# WORK INSTRUCTION
The lines wanted are those in the data below that include "patio".

# MATERIAL FOR THIS TASK
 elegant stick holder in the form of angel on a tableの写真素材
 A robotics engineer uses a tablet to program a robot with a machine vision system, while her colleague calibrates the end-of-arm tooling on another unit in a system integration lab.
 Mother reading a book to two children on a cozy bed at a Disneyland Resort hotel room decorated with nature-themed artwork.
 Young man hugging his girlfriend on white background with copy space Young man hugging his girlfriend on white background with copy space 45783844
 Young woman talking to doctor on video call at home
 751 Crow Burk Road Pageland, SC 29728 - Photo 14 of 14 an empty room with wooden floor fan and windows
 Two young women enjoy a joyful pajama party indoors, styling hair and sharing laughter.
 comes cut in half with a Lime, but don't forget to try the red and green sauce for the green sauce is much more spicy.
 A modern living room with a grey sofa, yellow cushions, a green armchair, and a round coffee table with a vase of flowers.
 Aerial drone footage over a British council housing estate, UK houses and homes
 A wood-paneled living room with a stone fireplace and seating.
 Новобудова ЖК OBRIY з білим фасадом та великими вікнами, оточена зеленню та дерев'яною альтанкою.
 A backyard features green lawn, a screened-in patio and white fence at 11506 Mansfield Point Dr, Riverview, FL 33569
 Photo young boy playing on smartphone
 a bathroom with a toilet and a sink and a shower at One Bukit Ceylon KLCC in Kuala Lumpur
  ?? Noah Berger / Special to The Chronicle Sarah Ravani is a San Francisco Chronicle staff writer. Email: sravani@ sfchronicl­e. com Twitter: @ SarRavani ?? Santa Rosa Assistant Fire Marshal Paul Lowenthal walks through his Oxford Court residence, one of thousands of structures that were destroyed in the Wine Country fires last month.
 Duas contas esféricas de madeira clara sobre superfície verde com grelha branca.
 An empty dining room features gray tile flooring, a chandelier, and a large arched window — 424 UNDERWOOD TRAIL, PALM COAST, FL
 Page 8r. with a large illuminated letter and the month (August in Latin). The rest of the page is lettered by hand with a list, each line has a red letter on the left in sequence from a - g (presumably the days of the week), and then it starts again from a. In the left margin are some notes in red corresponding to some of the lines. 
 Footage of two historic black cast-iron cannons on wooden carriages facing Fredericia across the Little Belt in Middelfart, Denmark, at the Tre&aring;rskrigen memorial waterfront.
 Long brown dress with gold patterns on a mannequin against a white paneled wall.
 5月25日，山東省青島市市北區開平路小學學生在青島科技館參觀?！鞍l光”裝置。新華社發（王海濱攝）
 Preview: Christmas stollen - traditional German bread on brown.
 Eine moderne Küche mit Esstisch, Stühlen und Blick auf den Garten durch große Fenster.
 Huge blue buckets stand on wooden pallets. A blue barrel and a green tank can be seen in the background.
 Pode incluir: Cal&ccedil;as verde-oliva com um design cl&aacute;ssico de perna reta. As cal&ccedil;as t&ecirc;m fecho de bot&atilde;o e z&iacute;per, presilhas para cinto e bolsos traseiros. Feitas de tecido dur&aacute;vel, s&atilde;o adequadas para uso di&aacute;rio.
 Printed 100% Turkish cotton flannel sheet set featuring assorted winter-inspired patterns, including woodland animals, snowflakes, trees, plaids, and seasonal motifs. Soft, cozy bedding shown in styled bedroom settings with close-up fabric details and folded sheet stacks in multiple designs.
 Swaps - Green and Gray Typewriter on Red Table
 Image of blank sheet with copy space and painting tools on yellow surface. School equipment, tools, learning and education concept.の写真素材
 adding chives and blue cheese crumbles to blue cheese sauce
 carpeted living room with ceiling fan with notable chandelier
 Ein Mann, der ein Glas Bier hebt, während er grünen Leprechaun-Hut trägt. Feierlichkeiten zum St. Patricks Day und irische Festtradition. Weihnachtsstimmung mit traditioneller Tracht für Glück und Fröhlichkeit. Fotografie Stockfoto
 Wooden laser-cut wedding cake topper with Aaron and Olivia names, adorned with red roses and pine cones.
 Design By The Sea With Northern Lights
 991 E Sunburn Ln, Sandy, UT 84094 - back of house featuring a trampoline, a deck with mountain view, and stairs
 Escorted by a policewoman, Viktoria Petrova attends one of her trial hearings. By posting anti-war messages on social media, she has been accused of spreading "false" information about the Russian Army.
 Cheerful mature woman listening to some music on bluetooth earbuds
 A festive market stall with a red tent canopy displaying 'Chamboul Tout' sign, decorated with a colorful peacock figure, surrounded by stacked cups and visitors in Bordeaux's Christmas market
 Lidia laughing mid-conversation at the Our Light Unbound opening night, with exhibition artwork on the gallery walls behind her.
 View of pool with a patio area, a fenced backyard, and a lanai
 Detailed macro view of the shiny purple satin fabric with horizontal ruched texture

# YOUR RESPONSE
 A backyard features green lawn, a screened-in patio and white fence at 11506 Mansfield Point Dr, Riverview, FL 33569
 View of pool with a patio area, a fenced backyard, and a lanai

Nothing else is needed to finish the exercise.